Exercise description: Reproduce the listing below word for word and exclude any picture.

Dataset extract:
---------------

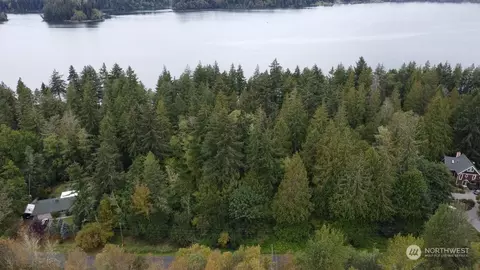 7047 Kellogg Dr NE, Olympia, WA 98516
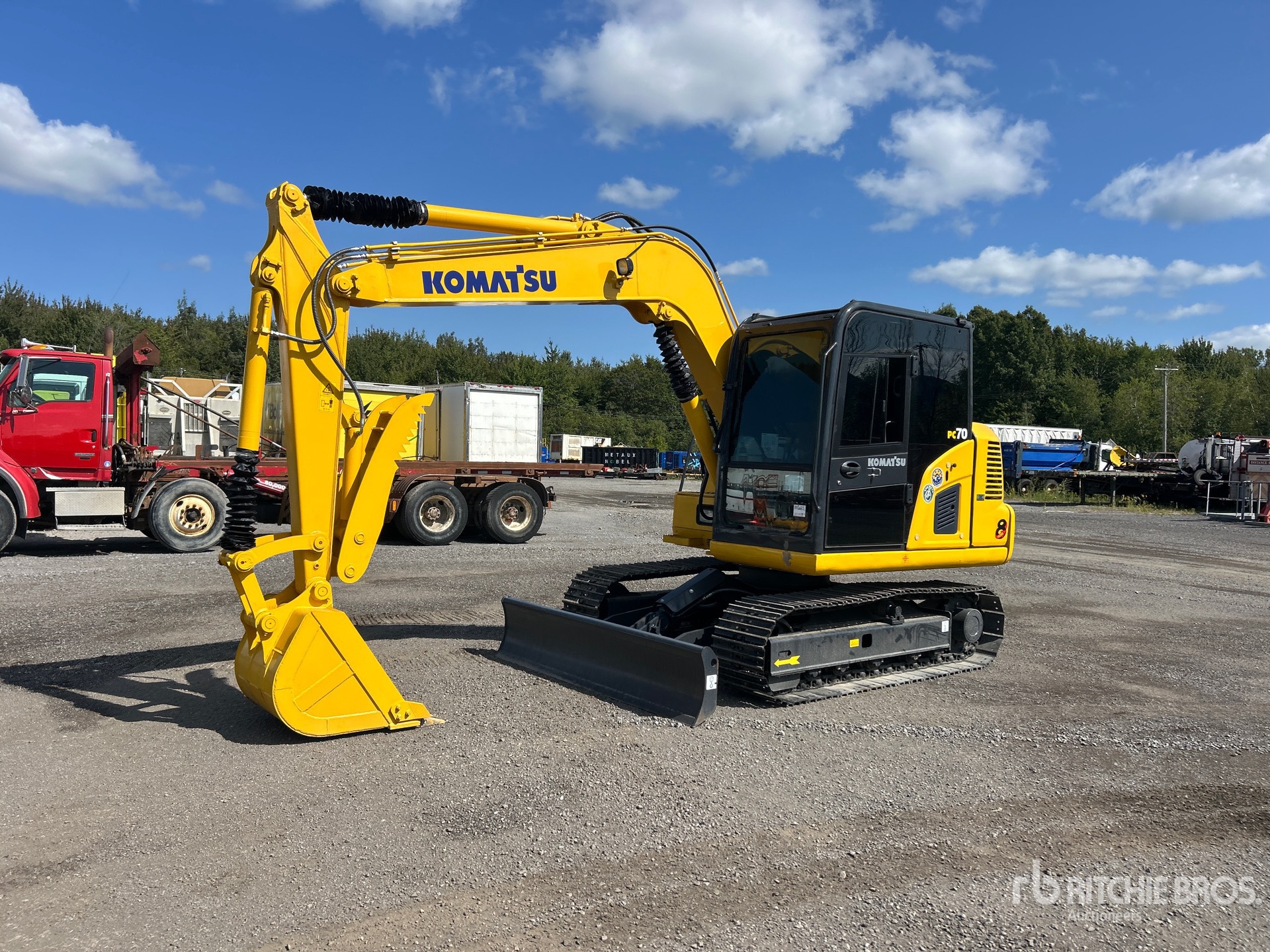 2011 Komatsu PC70-8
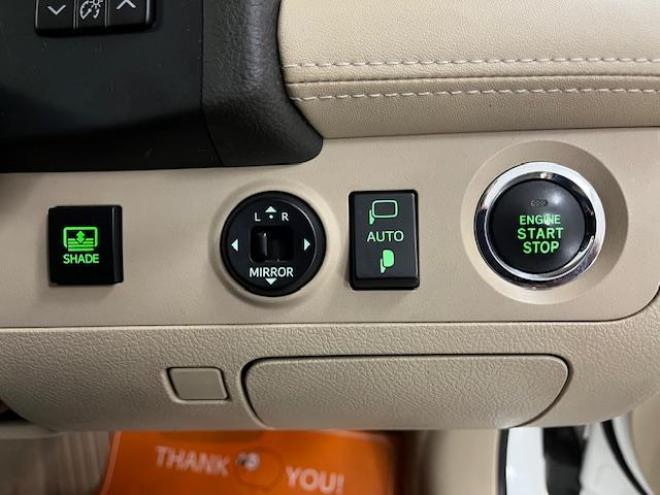 クラウン本州仕入　後期型　Ｂｌｕｅｔｏｏｔｈ　純正ＨＤＤナビ　フルセグ地デジ　ＤＶＤ再生　ミュージックサーバー　バック＆サイドカメラ　クルーズコントロール　両席パワーシート　前後コーナーセンサー　純正ＥＴＣ 4WD 2500 4Dr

---------------

Completed exercise:
 7047 Kellogg Dr NE, Olympia, WA 98516
 2011 Komatsu PC70-8
 クラウン本州仕入　後期型　Ｂｌｕｅｔｏｏｔｈ　純正ＨＤＤナビ　フルセグ地デジ　ＤＶＤ再生　ミュージックサーバー　バック＆サイドカメラ　クルーズコントロール　両席パワーシート　前後コーナーセンサー　純正ＥＴＣ 4WD 2500 4Dr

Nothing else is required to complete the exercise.